** Exercise goal **
Please set down each of the lines below once more, exactly, omitting all pictures.
————————
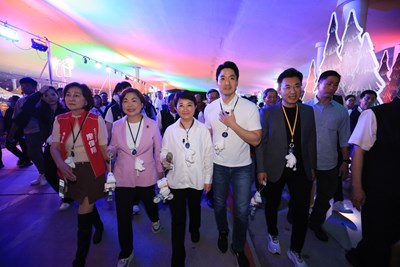 創歷史新高-盧市長偕蔣市長逛中台灣燈會-台中-台北-雙城連線行銷-朝650萬參觀人次邁進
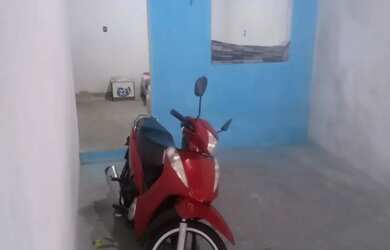 Imagem: A casa possui 2 Dormitórios, 1 Banheiro, 1 Vaga na garagem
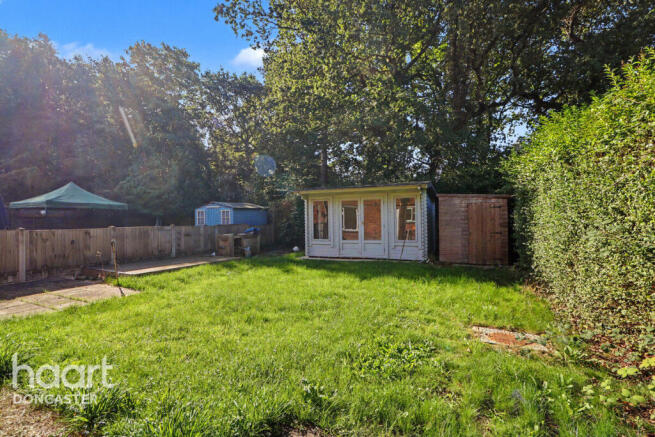 3 bed Semi-Detached for sale Image 4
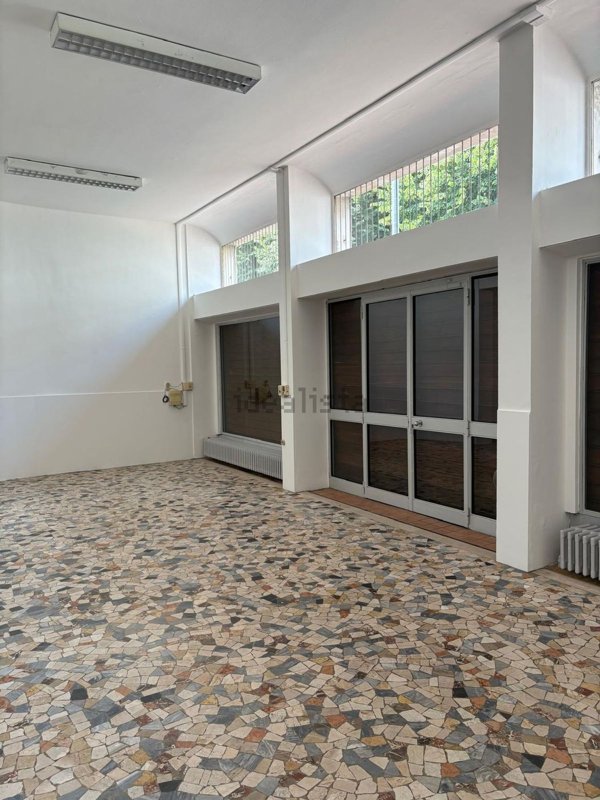 ufficio in affitto a Lodi in zona Fanfani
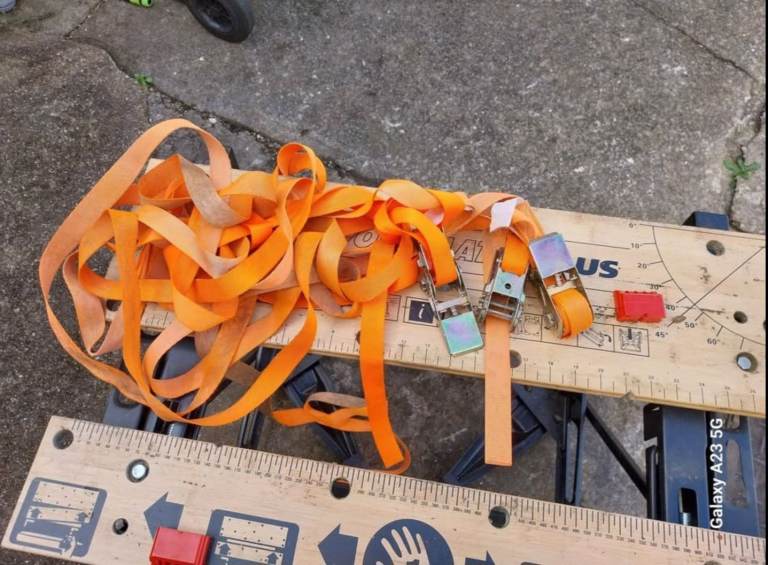 image for 3 ratchet stràps in full working order.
————————
** Task answer **
 創歷史新高-盧市長偕蔣市長逛中台灣燈會-台中-台北-雙城連線行銷-朝650萬參觀人次邁進
 Imagem: A casa possui 2 Dormitórios, 1 Banheiro, 1 Vaga na garagem
 3 bed Semi-Detached for sale Image 4
 ufficio in affitto a Lodi in zona Fanfani
 image for 3 ratchet stràps in full working order.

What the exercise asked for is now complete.